(Short text fragments from websites)
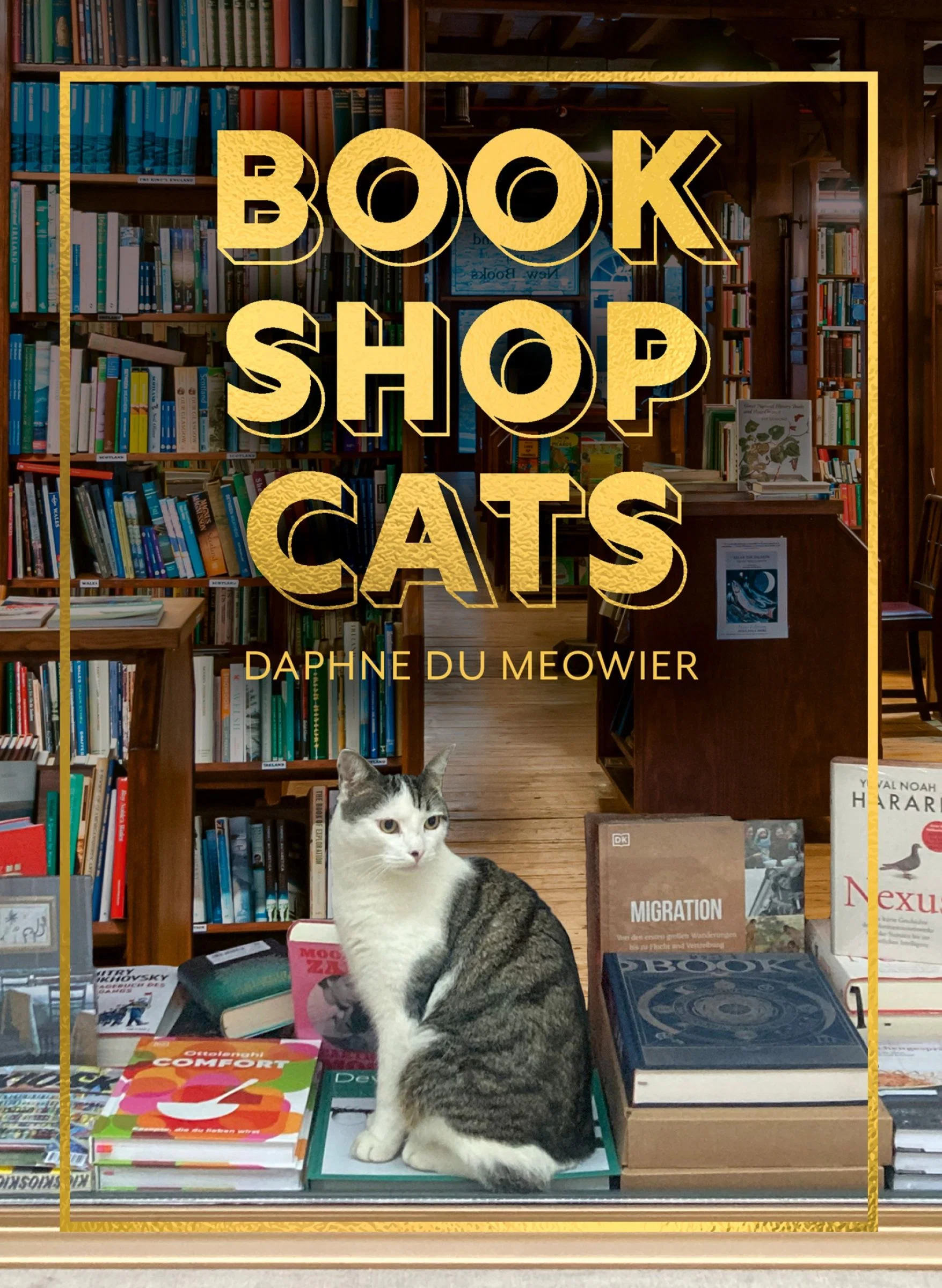 Bookshop Cats - Image 2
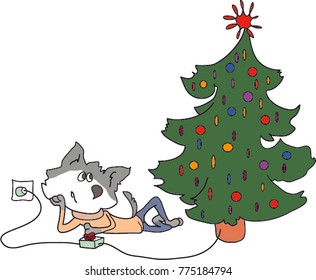 Husky tests the lights of the Christmas tree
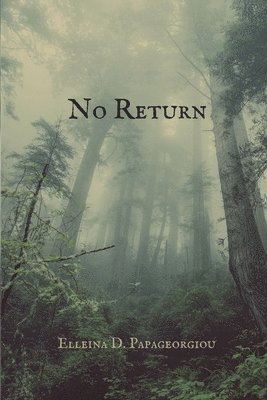 No Return 1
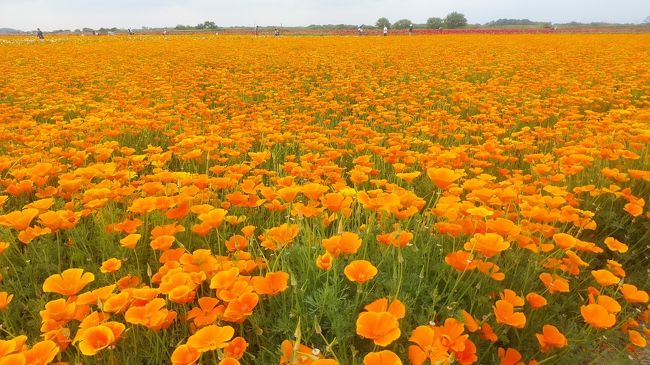 今年は鴻巣_花まつり、コロナ禍で中止でした。<br />去年の鴻巣_花まつりのものです。<br />ちょうど、見頃時に行って来て、バシバシ撮りました。<br /><br />鴻巣市の荒川河川敷にて毎年、花まつりが行われています。<br />前半は「馬室会場」、後半の少しに「吹上会場」のをアップしております。<br />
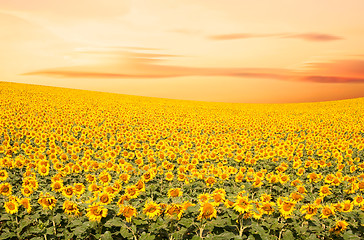 Image showing Sunflower Field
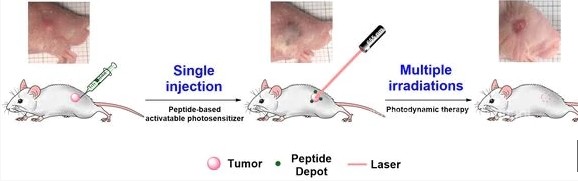 국내 연구팀이 한 번의 주사만으로 여러 번의 광치료가 가능한 광민감제를 개발했다. 이를 쥐에게 주사하자 암세포가 사라지는 실험 사진./한국과학기술연구원 제공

> **Problem description**
Beginning with the line that contains "Image showing Sunflower Field" and ending with the last line of the data, transcribe each line exactly; pictures stay out.

> **Finished task**
 Image showing Sunflower Field
 국내 연구팀이 한 번의 주사만으로 여러 번의 광치료가 가능한 광민감제를 개발했다. 이를 쥐에게 주사하자 암세포가 사라지는 실험 사진./한국과학기술연구원 제공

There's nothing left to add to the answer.